_Exercise prompt_. Every line below from the one with "1 Dozen Silver" through the one with "20g métallique iris" is to be repeated exactly, with no picture among them.

_Data block_.
----------------
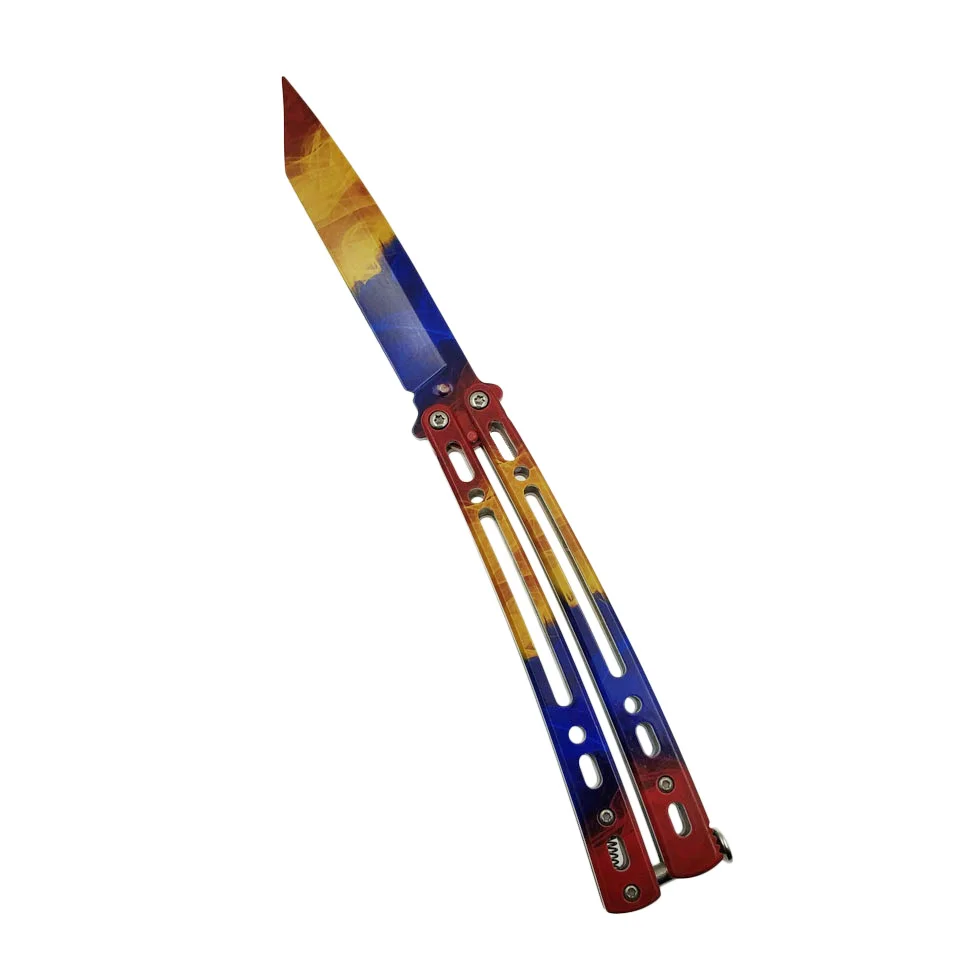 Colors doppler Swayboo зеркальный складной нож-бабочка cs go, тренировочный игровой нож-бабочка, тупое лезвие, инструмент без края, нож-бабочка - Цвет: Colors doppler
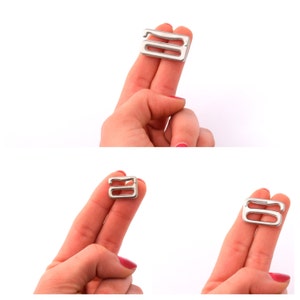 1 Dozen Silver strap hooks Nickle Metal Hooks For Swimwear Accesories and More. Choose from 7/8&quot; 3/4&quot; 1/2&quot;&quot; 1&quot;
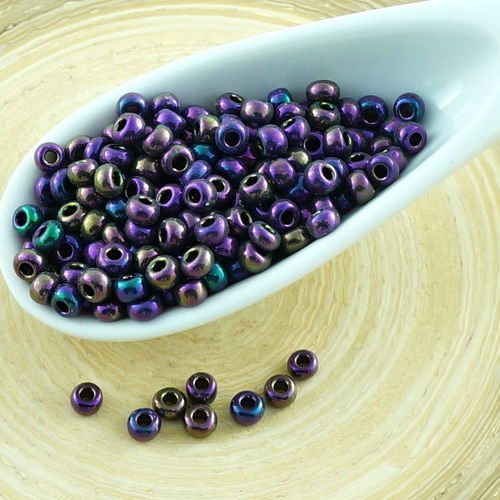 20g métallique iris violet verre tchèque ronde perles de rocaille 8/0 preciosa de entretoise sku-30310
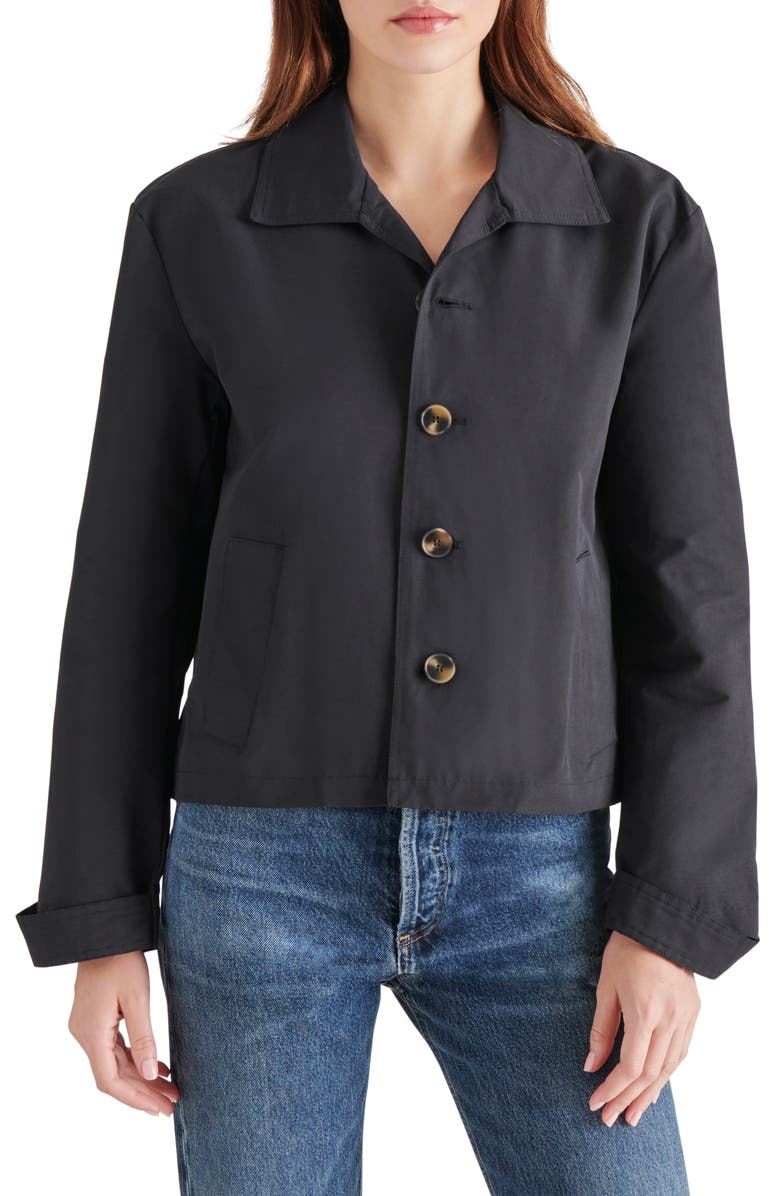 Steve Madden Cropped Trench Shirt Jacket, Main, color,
----------------
_Expected answer_.
 1 Dozen Silver strap hooks Nickle Metal Hooks For Swimwear Accesories and More. Choose from 7/8&quot; 3/4&quot; 1/2&quot;&quot; 1&quot;
 20g métallique iris violet verre tchèque ronde perles de rocaille 8/0 preciosa de entretoise sku-30310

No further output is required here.